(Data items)

####

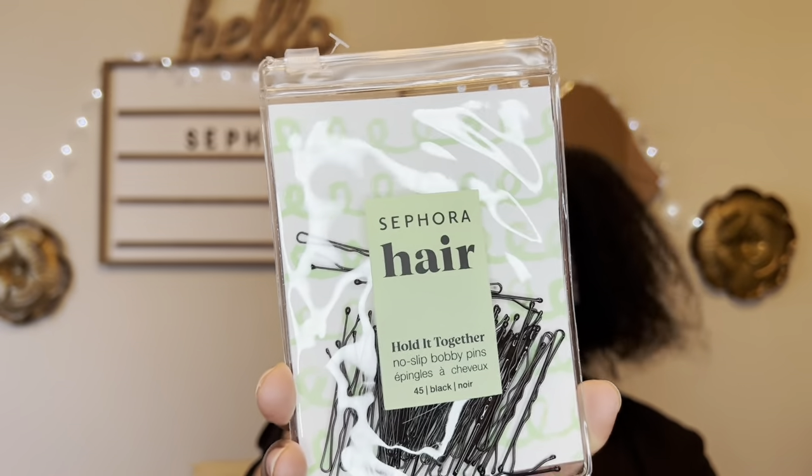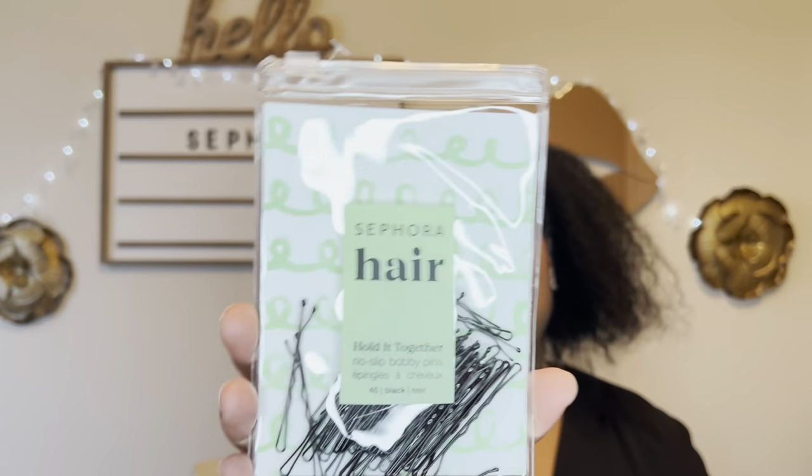The first thing I picked up is these Sephora Hair No Slip Bobby Pins. I just wanted to try these, but I thought they said 100 — it's only 45 pins for five dollars. Reading is fundamental! It was 30% off, but I'm still curious to see how these things perform.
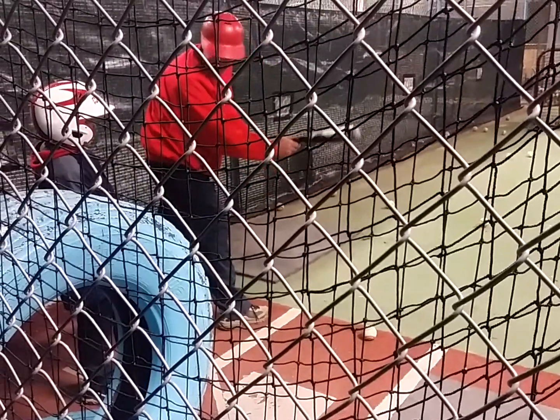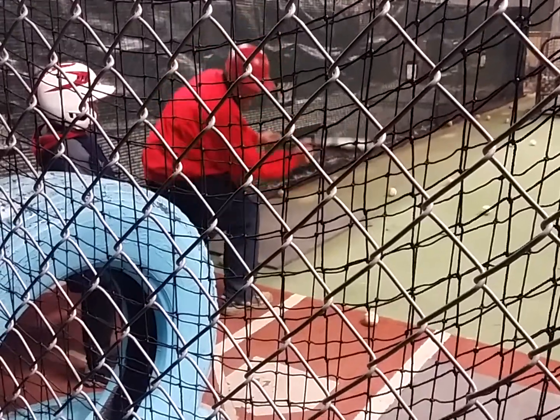If the ball's up and down, you're not gonna move your bat like this — you're gonna come up and down like this.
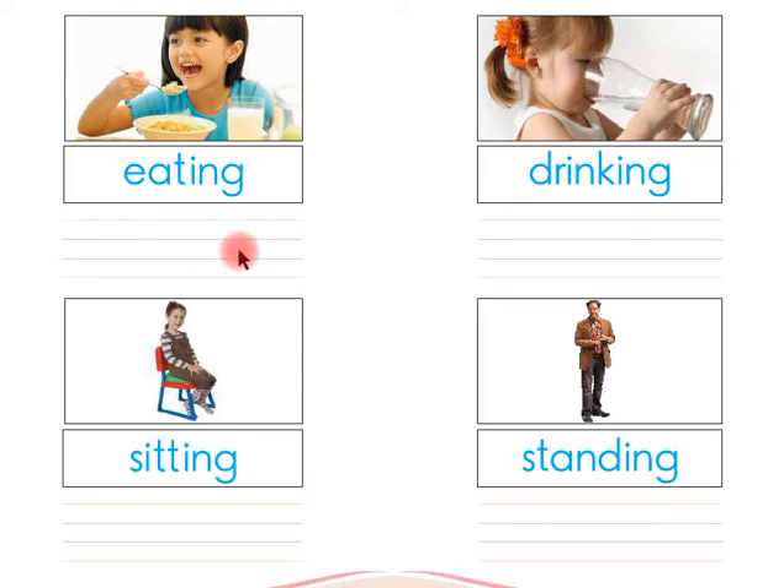Look at this, children — there is a girl in this picture. She is drinking water, so this is drinking. Say with me, children: the word is 'drinking.' Children, now you have to write the word 'drinking' here in between these four lines by yourself.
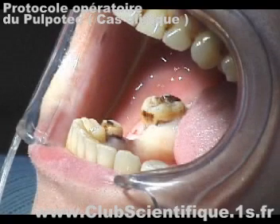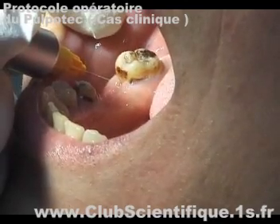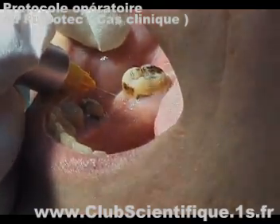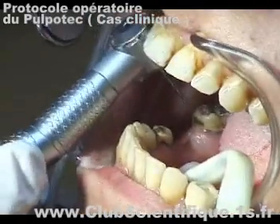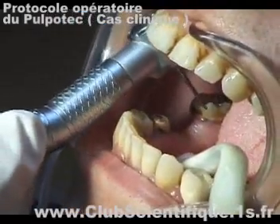The second case shown is a pulpotomy performed on tooth number 47 used as a bridge abutment. Again, the first step is the anesthesia of the tooth, followed by the removal of the roof of the pulp chamber with an X-long surgical burr number 200.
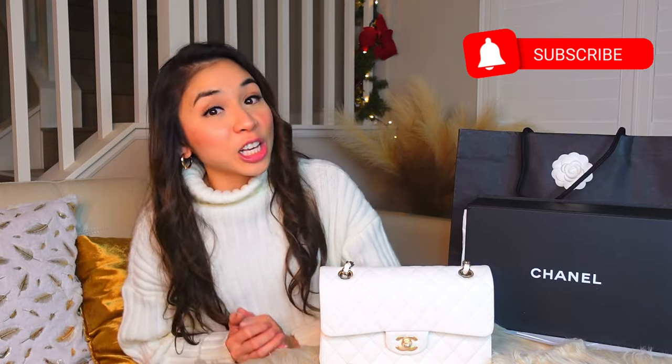That's it for my very first unboxing and bag review! I do hope you like this video, and if you do, please subscribe to my channel. It's Rosie Reyes — I do fitness and fashion videos. Bye! Happy Holidays and Happy New Year!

####

_THE PROBLEM_
Of the records above, print only the lines from the one containing "If the ball's" through the one containing "The second case", inclusive and unaltered, leaving out pictures.

_EXERCISE ANSWER_
If the ball's up and down, you're not gonna move your bat like this — you're gonna come up and down like this.
Look at this, children — there is a girl in this picture. She is drinking water, so this is drinking. Say with me, children: the word is 'drinking.' Children, now you have to write the word 'drinking' here in between these four lines by yourself.
The second case shown is a pulpotomy performed on tooth number 47 used as a bridge abutment. Again, the first step is the anesthesia of the tooth, followed by the removal of the roof of the pulp chamber with an X-long surgical burr number 200.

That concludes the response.